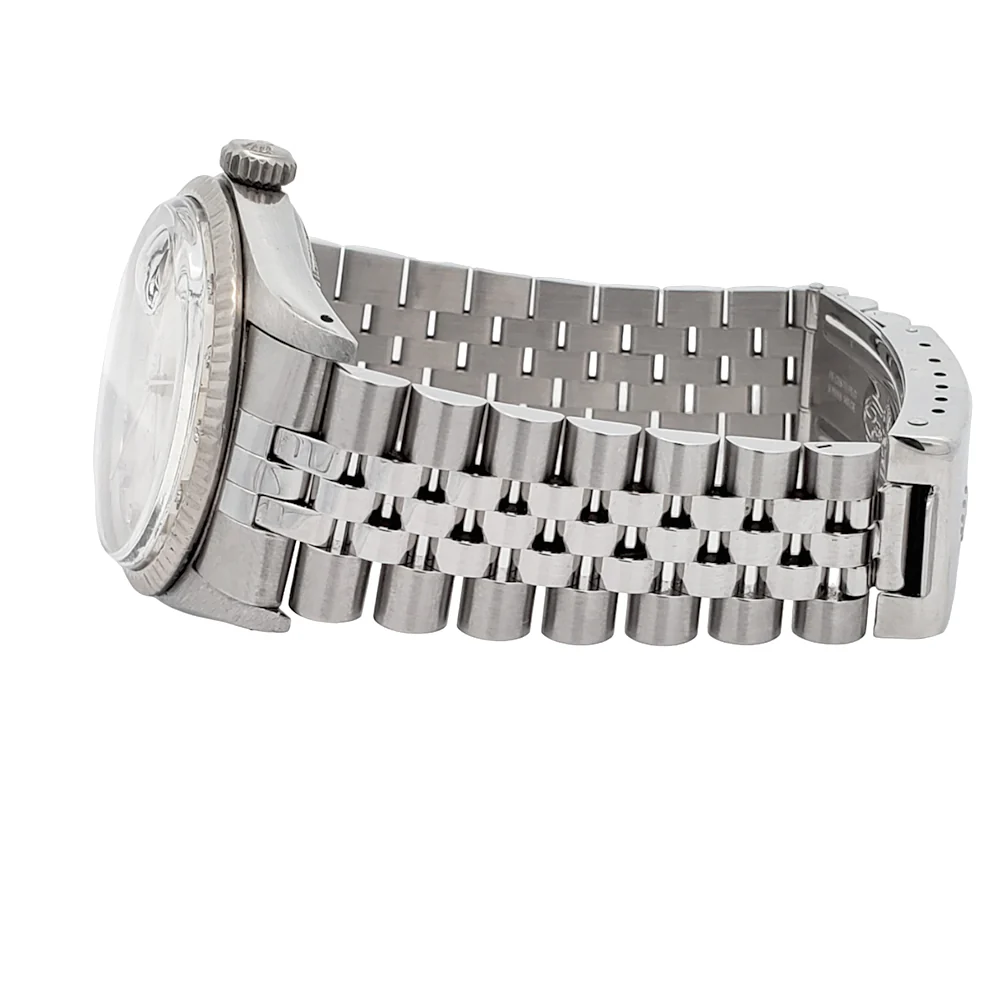 Rolex Datejust 36mm 16014 Factory Silver Diamond Dial Stainless Steel Jubilee Watch - Image 3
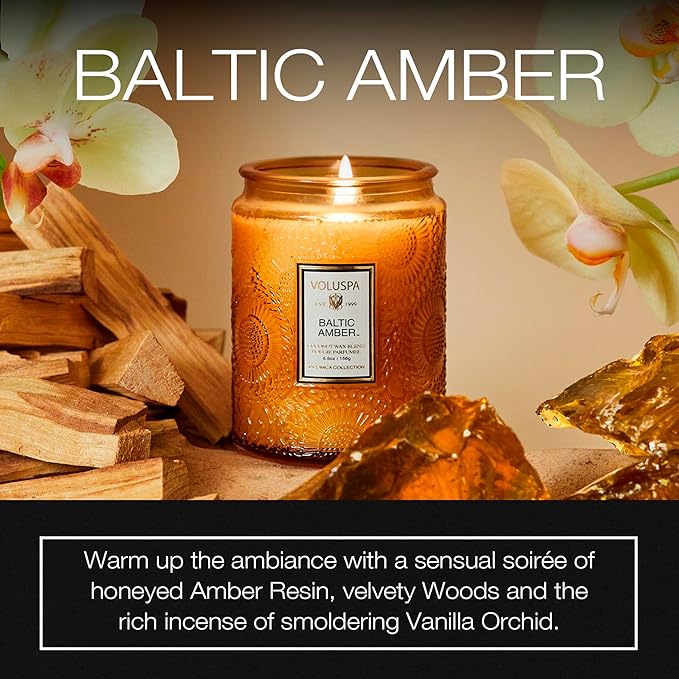 Voluspa Baltic Amber, Small Candle Jar, 5.5 oz, 50 Hour Burn Time, Coconut Wax for Clean Burning, Handcrafted in the USA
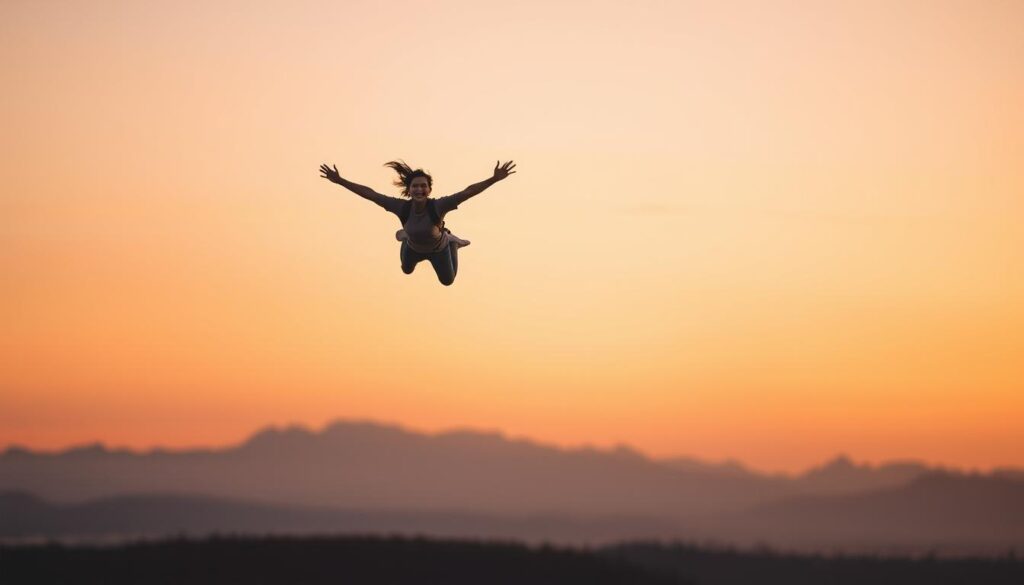 A serene landscape at dusk, a person soaring effortlessly through the air, their body suspended in a state of weightlessness. The sky is painted in warm hues of orange and pink, casting a soft glow over the scene. The individual's expression is one of pure joy and wonder, their arms outstretched as they glide through the tranquil atmosphere. In the distance, a silhouette of mountains can be seen, adding depth and dimension to the composition. The lighting is soft and diffused, creating a sense of ethereal beauty. The overall mood is one of tranquility and inner peace, capturing the essence of the dream-like experience of flying.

■ WHAT YOU ARE ASKED TO DO:
Print the listing above in full, exactly as written. Omit any pictures.

■ TASK RESULT:
 Rolex Datejust 36mm 16014 Factory Silver Diamond Dial Stainless Steel Jubilee Watch - Image 3
 Voluspa Baltic Amber, Small Candle Jar, 5.5 oz, 50 Hour Burn Time, Coconut Wax for Clean Burning, Handcrafted in the USA
 A serene landscape at dusk, a person soaring effortlessly through the air, their body suspended in a state of weightlessness. The sky is painted in warm hues of orange and pink, casting a soft glow over the scene. The individual's expression is one of pure joy and wonder, their arms outstretched as they glide through the tranquil atmosphere. In the distance, a silhouette of mountains can be seen, adding depth and dimension to the composition. The lighting is soft and diffused, creating a sense of ethereal beauty. The overall mood is one of tranquility and inner peace, capturing the essence of the dream-like experience of flying.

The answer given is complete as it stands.